Já no outro que narra o percurso dos instrumentos de troca em território moçambicano pude conhecer os distintos meios usados para a aquisição de bens e serviços e como se chegou ao Metical, a moeda nacional de Moçambique, cujo nome deriva de "mithqal”, uma unidade de peso usada historicamente no comércio de ouro muçulmano. A moeda fiduciária foi introduzida em 1980, substituindo o antigo Escudo moçambicano. Os museus têm esse lado de dar a conhecer a história, sem ter de se procurar por livros e, quando em presença de guias devidamente treinados, dá prazer frequentá-los.
O almoço foi na FEIMA. Dir-se-ia uma espécie de Feira Popular na década de noventa do século XX. Experimentei, a lamber os beiços, a kizaka com camarão e pirão, matapa e xima no linguajar deles. São outros os nomes, mas a alegria do estômago é a mesma. Não é que pedi bis? Só depois, de estômago atendido, foquei-me nos detalhes. Os males de cá, parecem ser também os de lá. Repuxos sem água, fornecedores que pensam que fazem favor ao cliente, descaso com a degradação e passo apressado à destruição por acção humana e do tempo, levando a vida à precariedade.
Já a caminho da taberna do kota Américo Macutamo, no Bairro Indígena de Maputo, cruzámos, de novo, a cidade baixa.
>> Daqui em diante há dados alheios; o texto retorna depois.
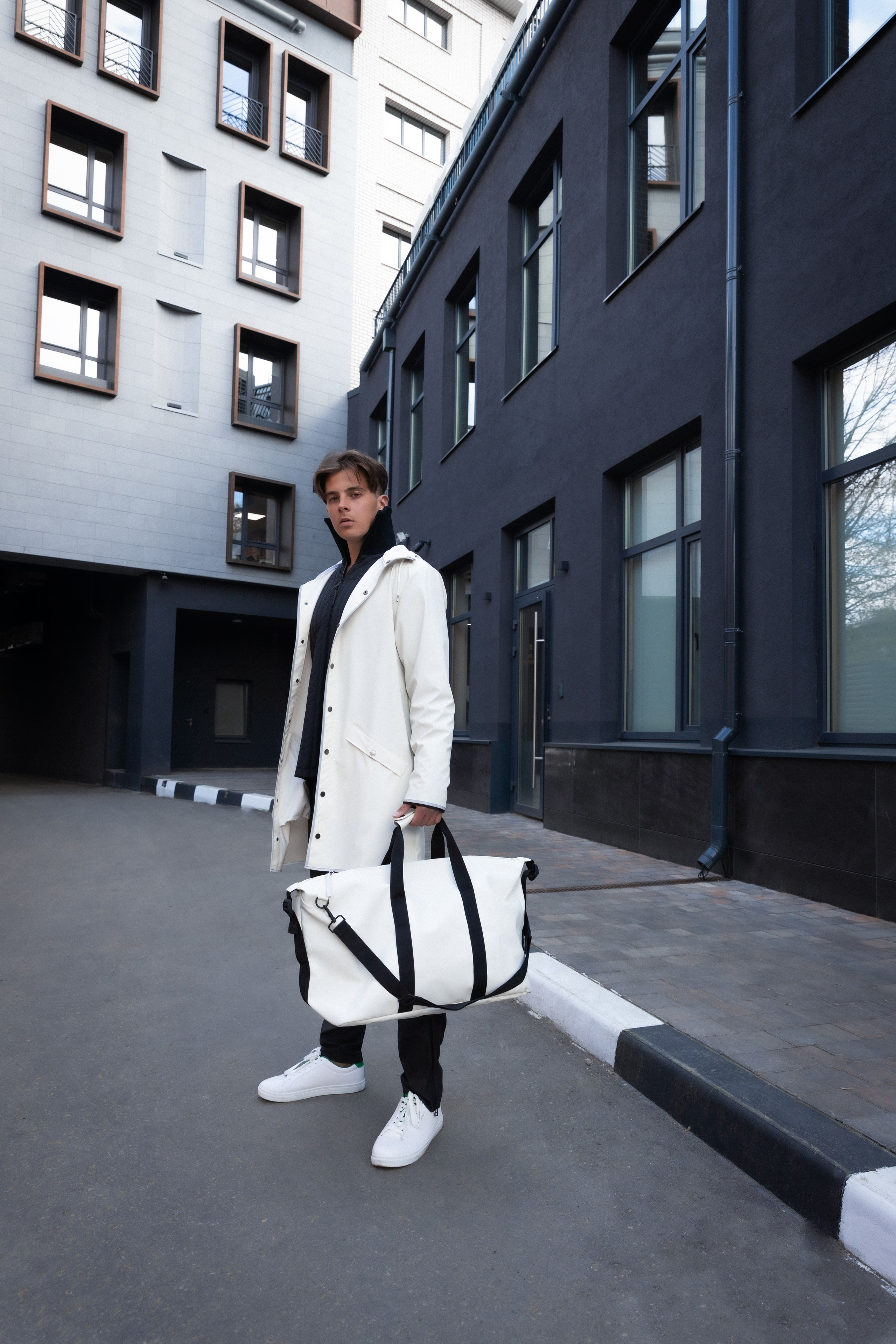 Модель для предметной съемки Богдан Н.Новгород | Sale Easy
Ruas que deviam estar limpas, passeios que deviam estar desesburacados e outras maleitas relativas à nossa fragilidade institucional levaram-me de volta a algumas ruas de Luanda, perfumadas com urina de gente que desconhece o saneamento e urbanidade.
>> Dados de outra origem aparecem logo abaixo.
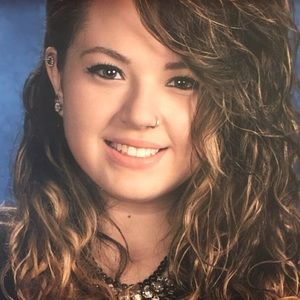 Meet your Posher, Skylar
Melhor não faria comigo o Pota. Fomos ao "muro das lamentações”, lugar onde ocorrem reflexões filosóficas, críticas acintosas e soluções difíceis de chegar. E tal como o judeu nazareno pedia que se levasse a ele todos os fardos pecaminosos, na taberna do kota Américo fluem as conversas de criadores de arte e comunicadores que nela depositam, com os goles que correm garganta abaixo, todas as frustrações e maleitas da vida terrena.